This exercise asks for an exact copy of the lines from the one containing "Villa in Centre, Portet-sur-Garonne, France" through the final line of the material, with pictures omitted.

Stored data:
Segment Open

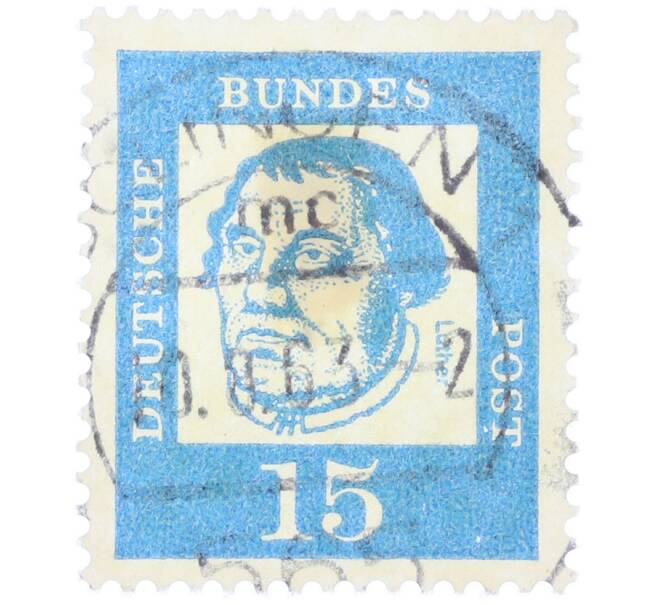 Почтовая марка 15 пфеннигов 1961 года Западная Германия (ФРГ) «Выдающиеся немцы — Мартин Лютер» (Артикул: T11-36766) — Фото №1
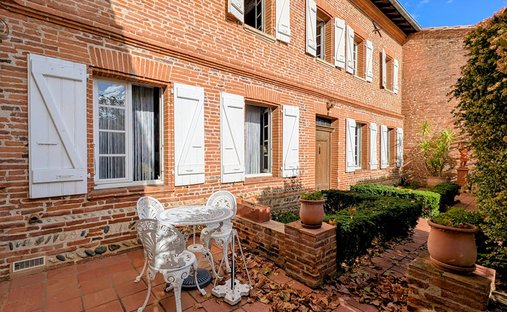 Villa in Centre, Portet-sur-Garonne, France 1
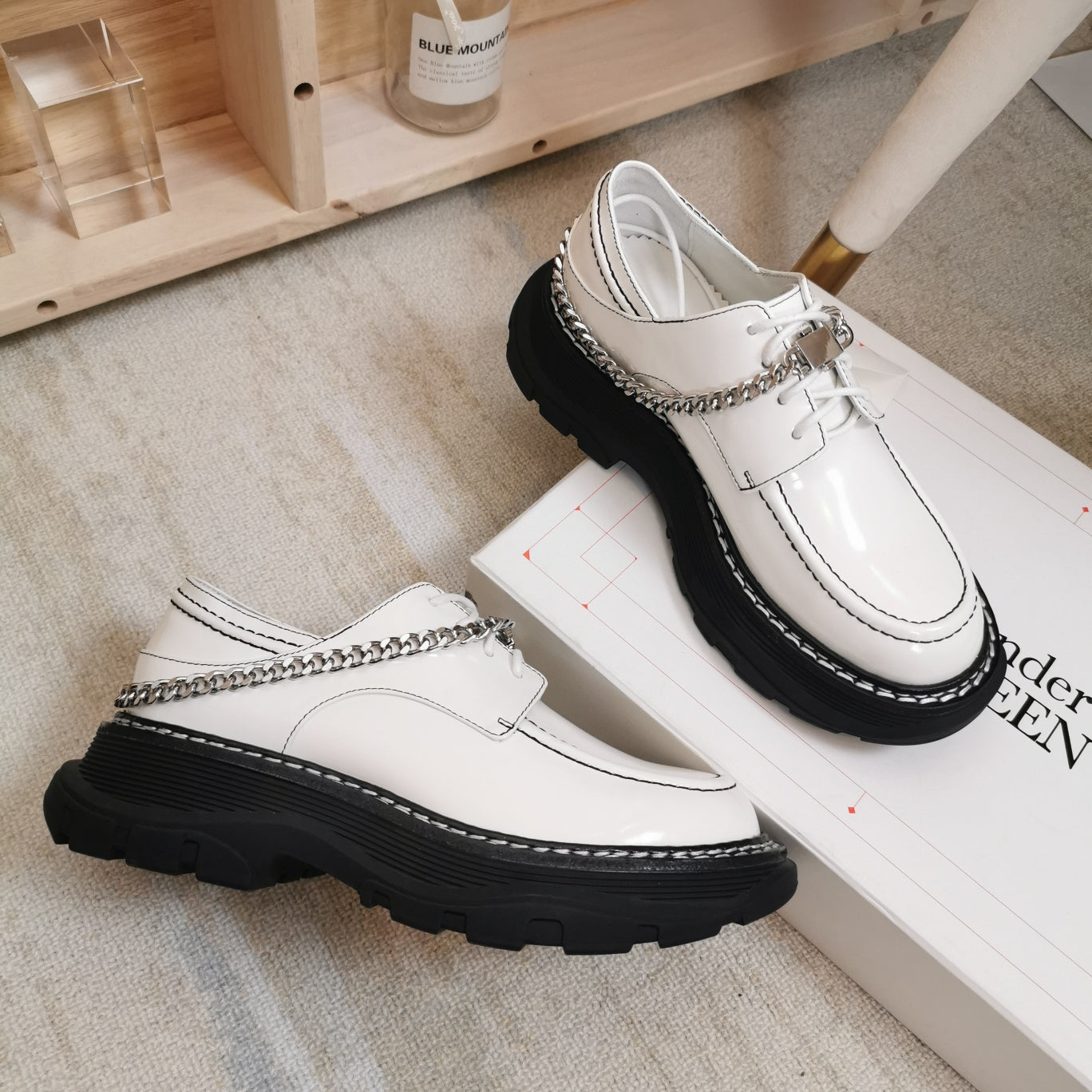 M*queen    Shoes Chain White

Segment Closed

Exercise solution:
 Villa in Centre, Portet-sur-Garonne, France 1
 M*queen    Shoes Chain White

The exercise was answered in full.